Amino acids, also called the building blocks of proteins, are compounds that perform a wide range of essential functions in the body. They are required for vital processes such as protein building and the synthesis of hormones and neurotransmitters.
Some may also be taken in supplement form to naturally enhance sports performance or improve mood. They are categorised as essential, conditionally essential or non-essential, depending on various factors.
Essential amino acids
Essential amino acids are substances that our body cannot produce itself and must be obtained through food or supplements. Your body needs 20 different amino acids to grow and function properly. Although these 20 amino acids are important for your health, only nine are classified as essential. These are histidine, isoleucine, leucine, lysine, methionine, phenylalanine, threonine, tryptophan and valine.

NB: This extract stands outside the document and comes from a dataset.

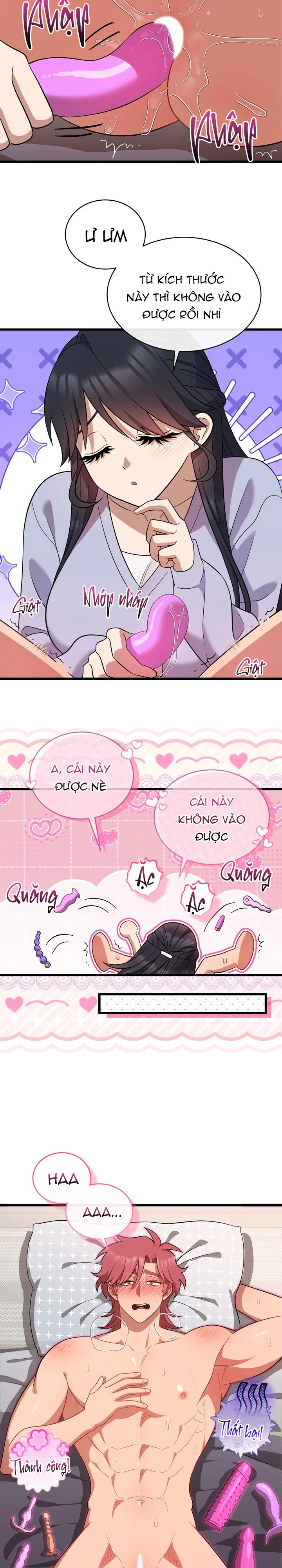Đọc truyện Tuyển Tập Girl x Boy! - Chapter 2.10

Conditionally essential amino acids
Your body needs and can synthesise conditionally essential amino acids (also called semi-essential amino acids) itself from other building blocks. But sometimes these are in short supply, e.g. when the daily diet is insufficient or in case of health problems such as illness, injury or after an operation. A supplement may be advisable or even necessary. Semi-essential amino acids are: arginine, asparagine, glutamine, glycine, serine and proline.
Non-essential amino acids
Non-essential amino acids can be produced by our body (the liver) itself from other amino acids, if the body lacks a non-essential amino acid for the production of a particular protein. Non-essential amino acids are: alanine, aspartic acid, cysteine, cystine, glutamic acid, tyrosine and hydroxyproline.
Their roles in your body
The 9 essential amino acids fulfil a number of important and diverse tasks in your body:
Phenylalanine is needed for the production of the neurotransmitters dopamine, adrenaline and noradrenaline in your brain. These neurotransmitters have important functions in the body and allow nerves to communicate and send signals to each other. Dopamine is involved in rewarding behaviour and experiencing pleasure. This is why we also call it the 'happiness hormone'.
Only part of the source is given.